At the sight of Miss Gascoyne the whole assemblage had risen. She was looked upon by the cottagers around with not a little awe.
“Will some of you oblige me by helping to look for him?”
The landlord, who had had more than one passage of arms with the justices of the peace as to the way in which his house was conducted, became officiousness itself. Anything to prove to the gentry what an estimable and respectable character he was.
“It ain’t like Mr. Gascoyne to get into trouble on horseback,” he said, with a laudatory shake of his head, as if to conciliate Miss Gascoyne by conveying to her what a very high sense he had of her brother’s horsemanship.

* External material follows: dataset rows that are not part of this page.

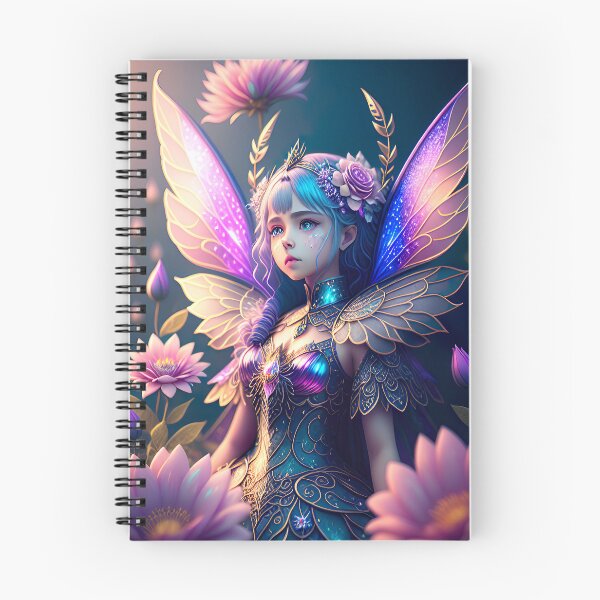 Item preview, Fairy guardian designed and sold by moonspirits.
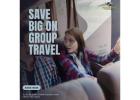 Affordable Charter Bus Rentals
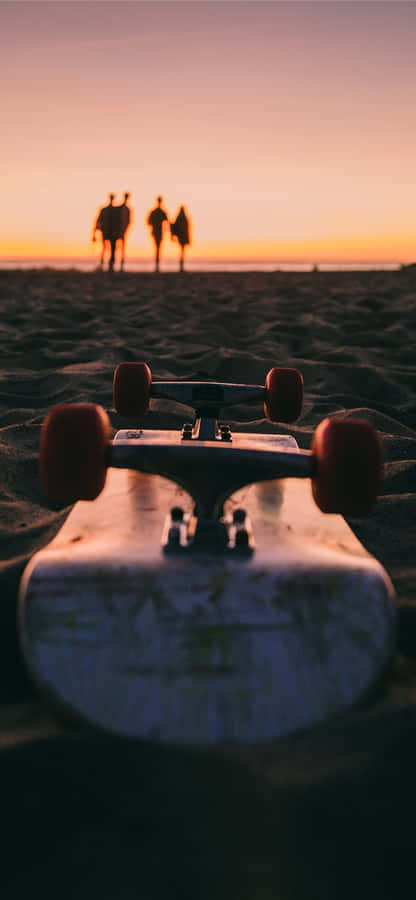 Exploring The Golden Coast: California Wallpaper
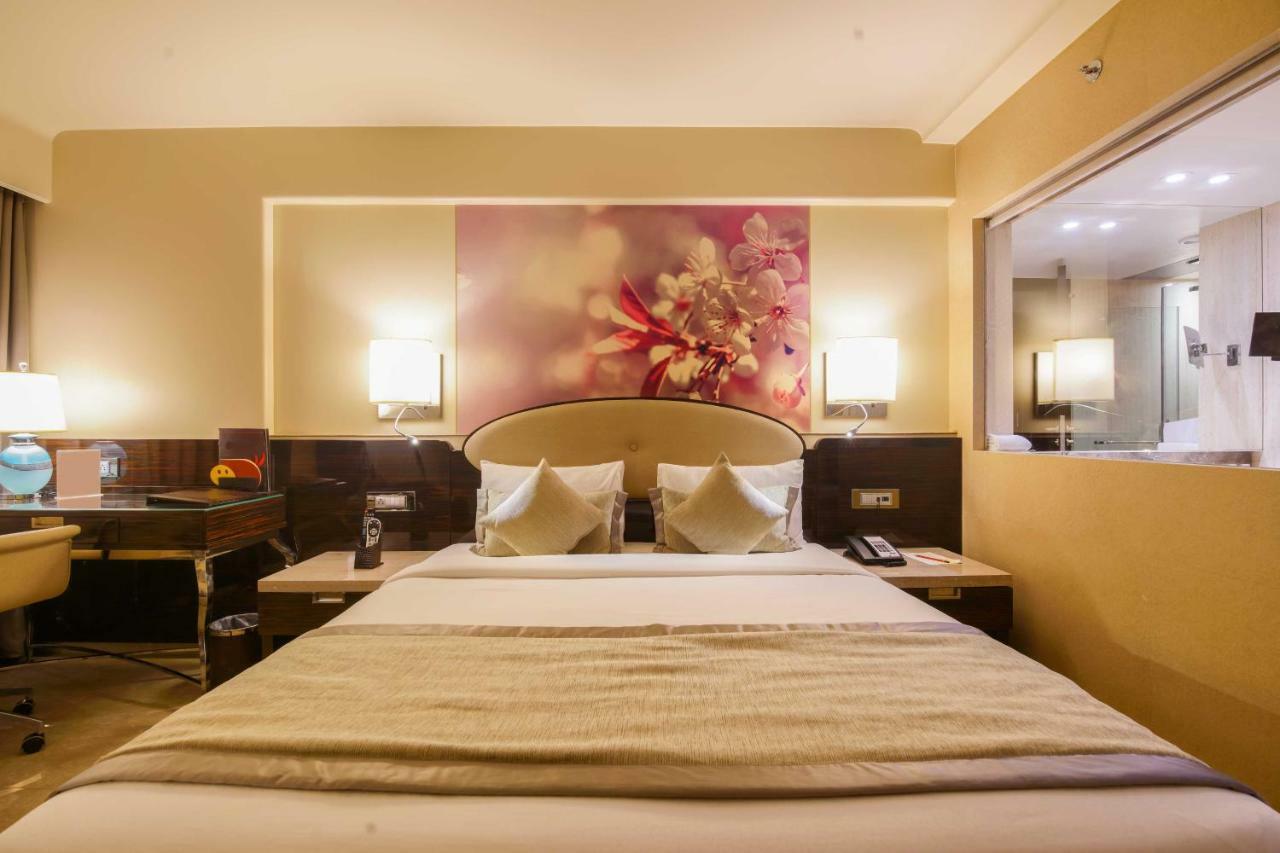 Sai Palace Grand, Malad Hotel 4*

He evidently had an idea of offering her some refreshment, for he looked from her to the bottles of spirit and coloured cordials on the shelf, and from them back again to her, but apparently without being able to make up his mind to so hazardous a proceeding.
As we were all standing outside the inn debating how to conduct the search, a dog-cart drove up.
“Let me see, I am right for the Grange, am I not?” asked a voice.
“Yes,” I answered, “but whom do you want at the Grange?”
“Miss Gascoyne.”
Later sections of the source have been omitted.